§ **Information given**:
______

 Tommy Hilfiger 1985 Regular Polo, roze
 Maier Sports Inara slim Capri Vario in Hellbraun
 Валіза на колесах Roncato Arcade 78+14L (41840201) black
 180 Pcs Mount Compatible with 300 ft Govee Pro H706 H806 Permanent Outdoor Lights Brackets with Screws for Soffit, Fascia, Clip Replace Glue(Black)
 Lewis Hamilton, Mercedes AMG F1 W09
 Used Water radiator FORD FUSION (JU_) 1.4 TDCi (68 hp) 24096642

______

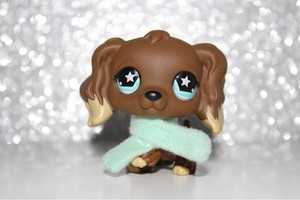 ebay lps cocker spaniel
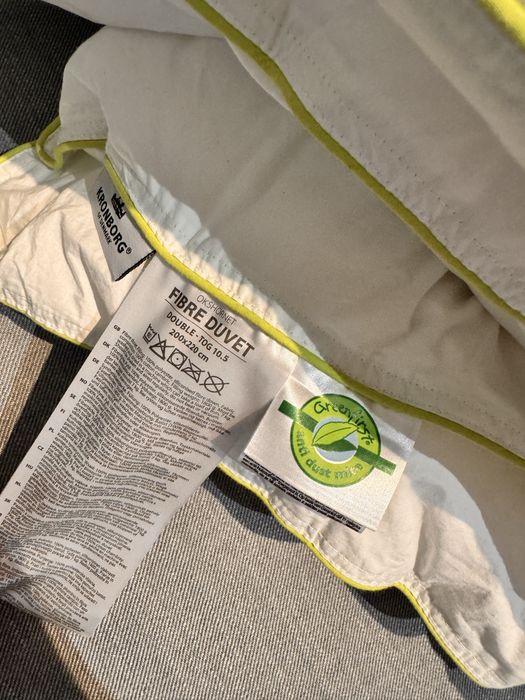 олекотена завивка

______

§ **Assignment**: Print exactly the lines above, between the one holding "Валіза на колесах" and the one holding "Used Water radiator", inclusive, and nothing besides.

§ **Written answer**:
 Валіза на колесах Roncato Arcade 78+14L (41840201) black
 180 Pcs Mount Compatible with 300 ft Govee Pro H706 H806 Permanent Outdoor Lights Brackets with Screws for Soffit, Fascia, Clip Replace Glue(Black)
 Lewis Hamilton, Mercedes AMG F1 W09
 Used Water radiator FORD FUSION (JU_) 1.4 TDCi (68 hp) 24096642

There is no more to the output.